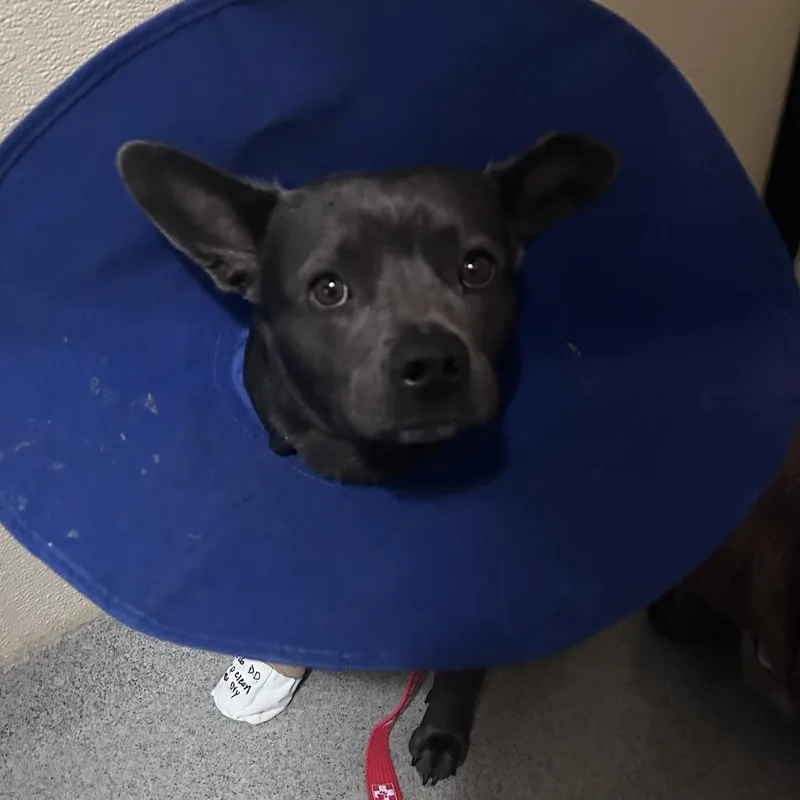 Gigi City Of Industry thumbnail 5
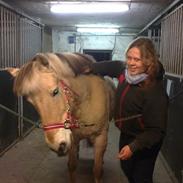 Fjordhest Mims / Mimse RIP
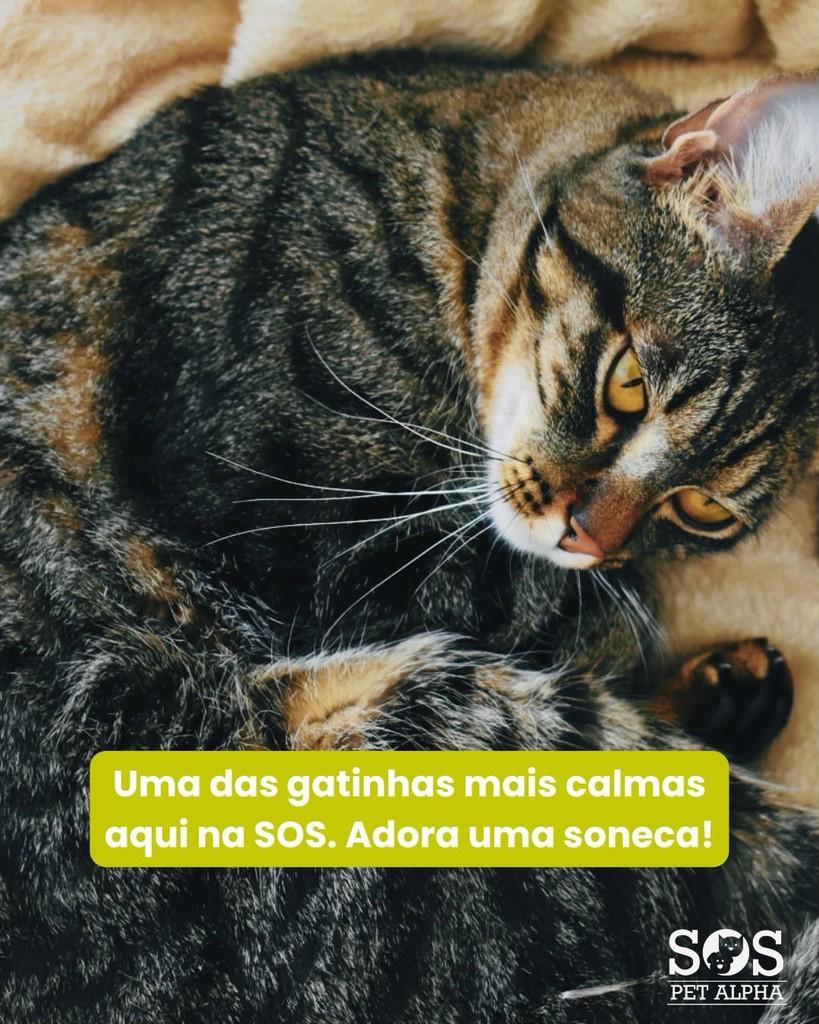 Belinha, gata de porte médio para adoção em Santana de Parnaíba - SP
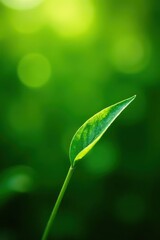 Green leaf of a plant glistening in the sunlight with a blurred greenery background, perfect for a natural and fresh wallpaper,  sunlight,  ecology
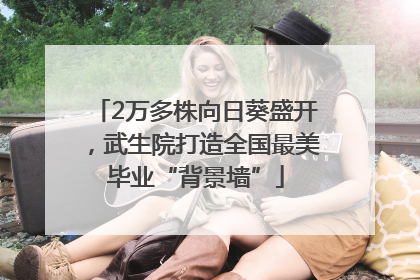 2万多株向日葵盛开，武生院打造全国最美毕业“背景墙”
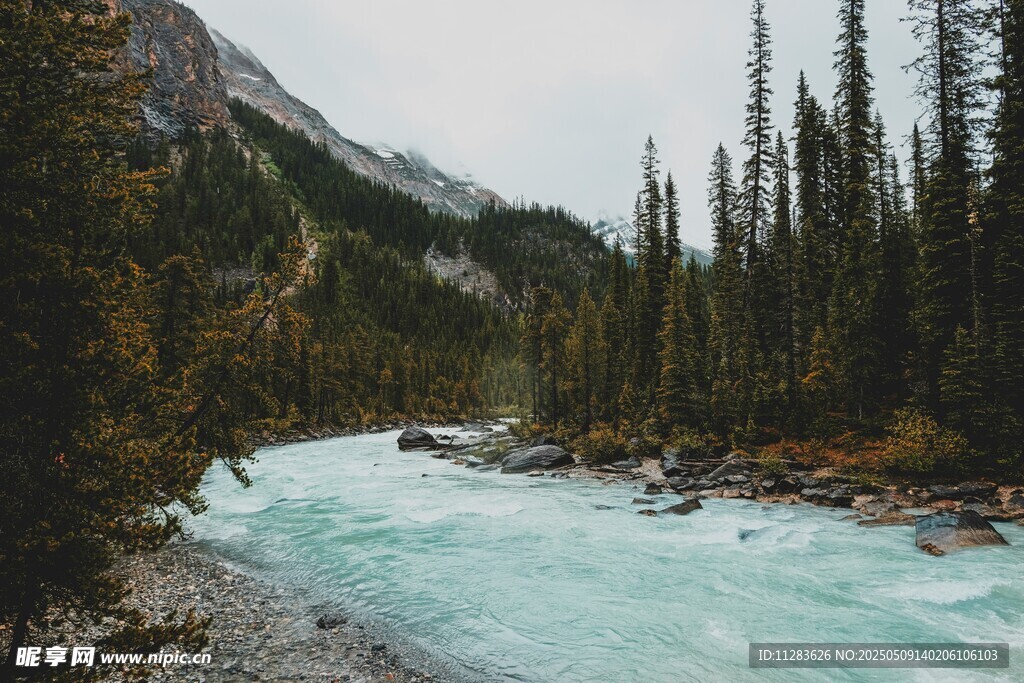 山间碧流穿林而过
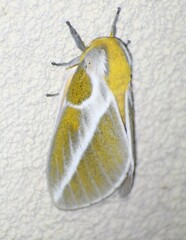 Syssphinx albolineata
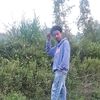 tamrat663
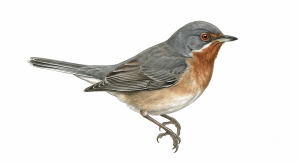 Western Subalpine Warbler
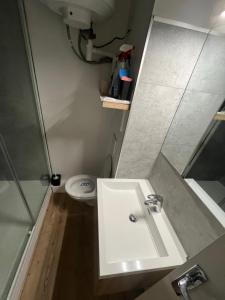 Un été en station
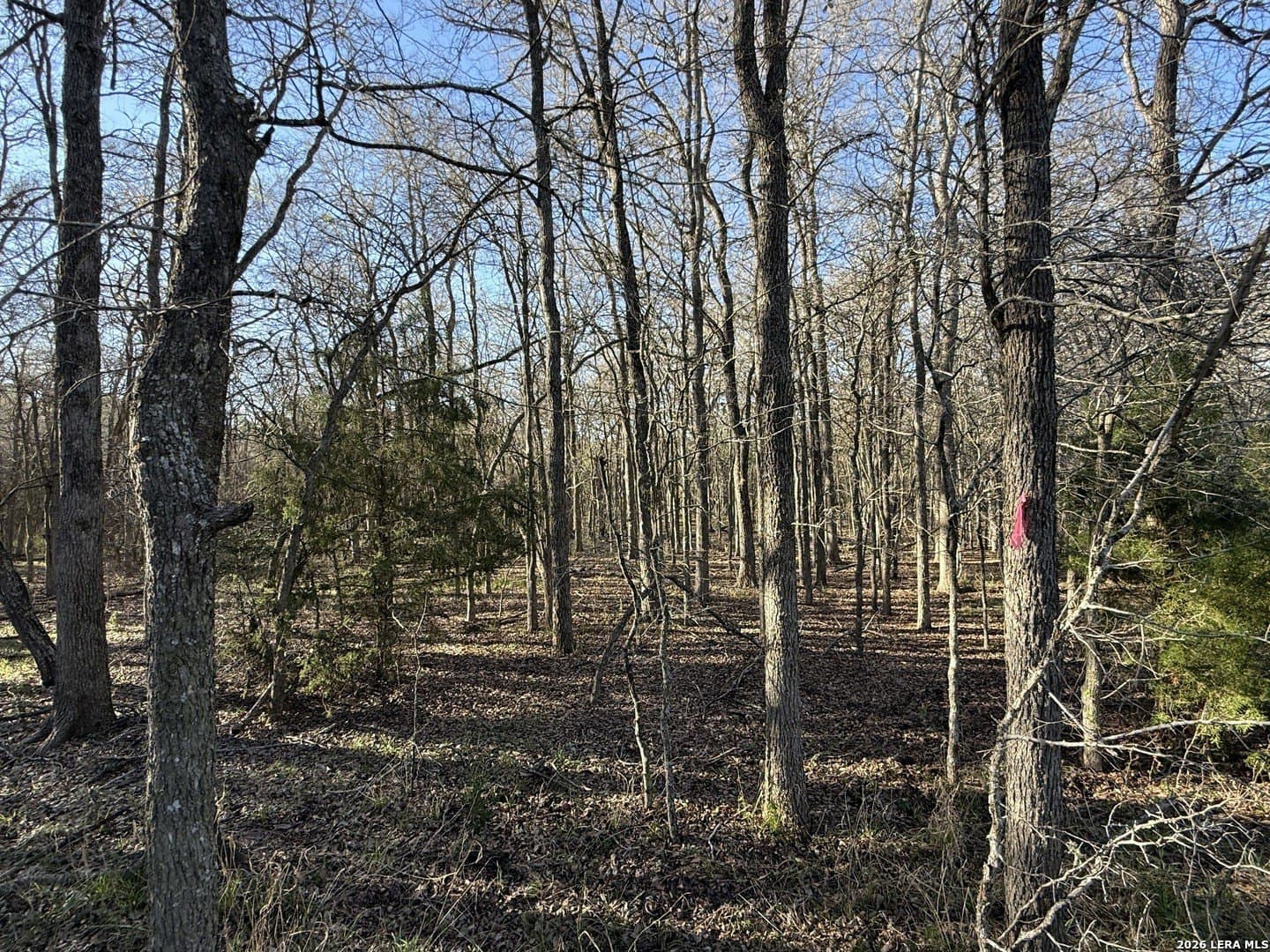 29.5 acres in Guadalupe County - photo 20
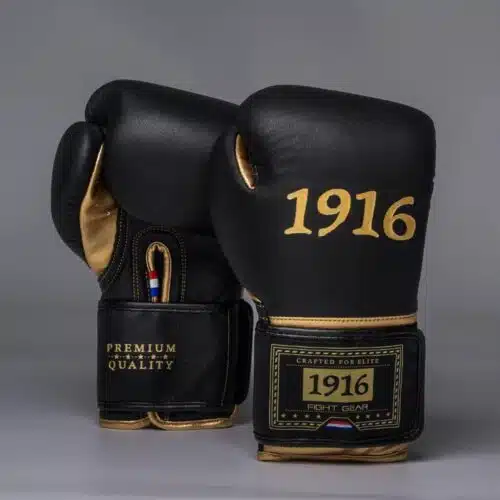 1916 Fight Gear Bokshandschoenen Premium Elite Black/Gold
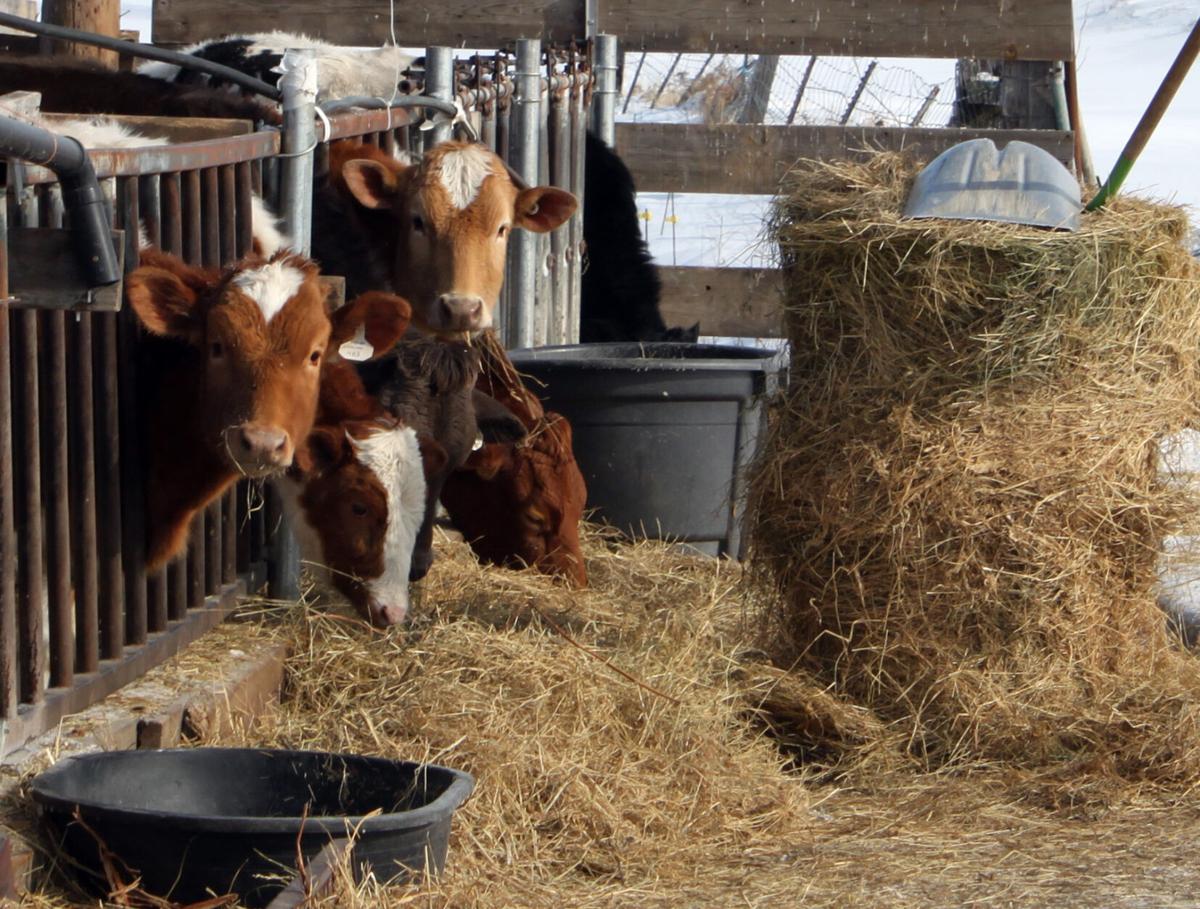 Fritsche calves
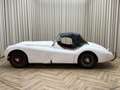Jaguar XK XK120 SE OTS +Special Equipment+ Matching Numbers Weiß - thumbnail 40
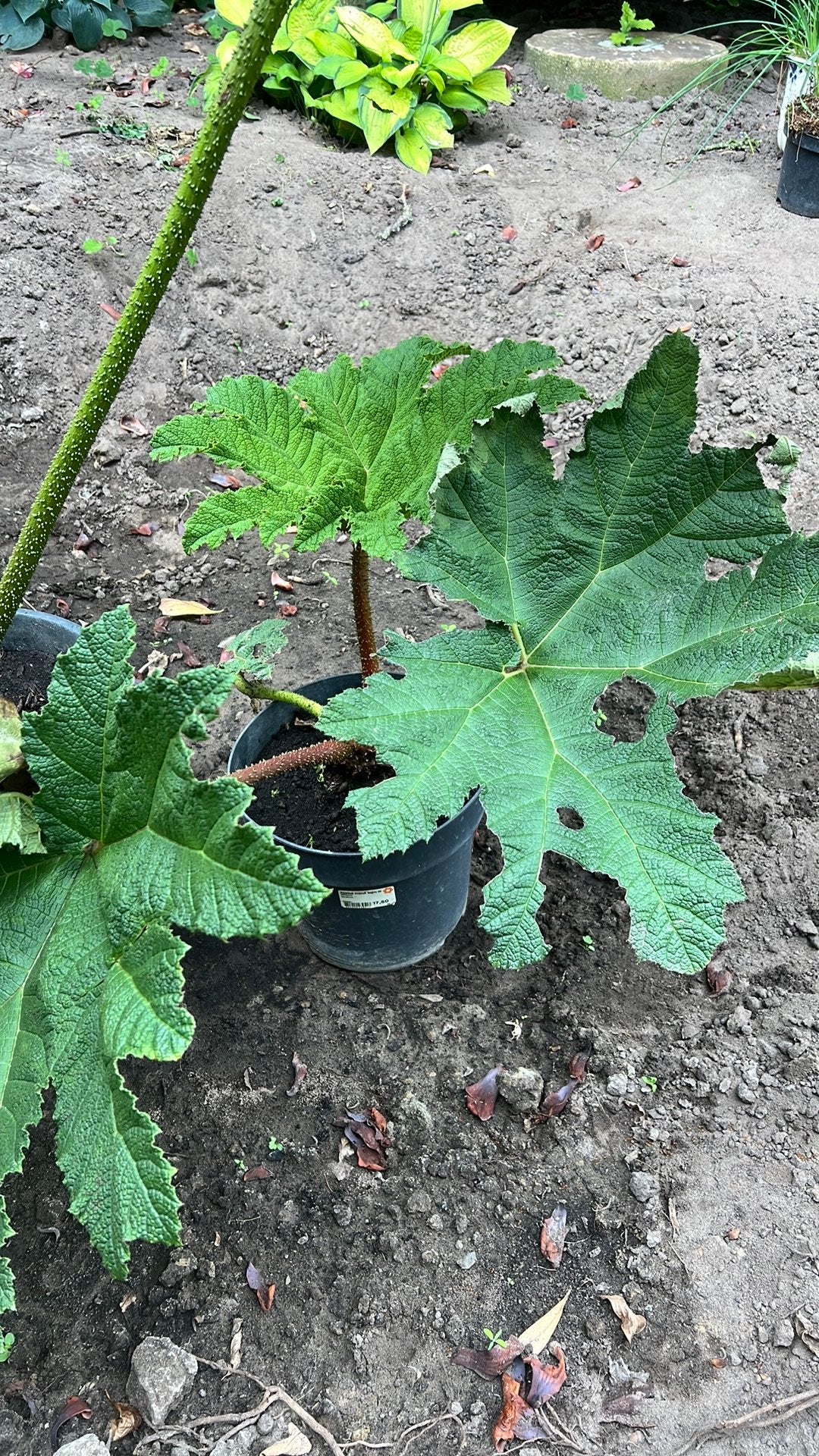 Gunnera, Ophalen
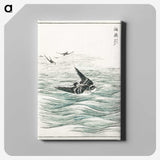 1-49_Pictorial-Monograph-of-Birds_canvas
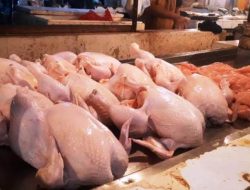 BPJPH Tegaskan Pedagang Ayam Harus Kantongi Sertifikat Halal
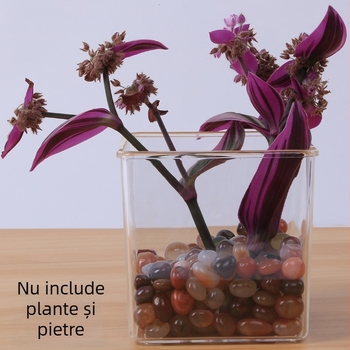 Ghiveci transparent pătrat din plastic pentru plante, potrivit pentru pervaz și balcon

# # # #

YOUR GOAL =>
Word for word, retype the lines from the one with "Western Subalpine Warbler" through the final line of the data, both included. No pictures belong in the copy.

EXERCISE OUTPUT =>
 Western Subalpine Warbler
 Un été en station
 29.5 acres in Guadalupe County - photo 20
 1916 Fight Gear Bokshandschoenen Premium Elite Black/Gold
 Fritsche calves
Jaguar XK XK120 SE OTS +Special Equipment+ Matching Numbers Weiß - thumbnail 40
 Gunnera, Ophalen
 1-49_Pictorial-Monograph-of-Birds_canvas
 BPJPH Tegaskan Pedagang Ayam Harus Kantongi Sertifikat Halal
 Ghiveci transparent pătrat din plastic pentru plante, potrivit pentru pervaz și balcon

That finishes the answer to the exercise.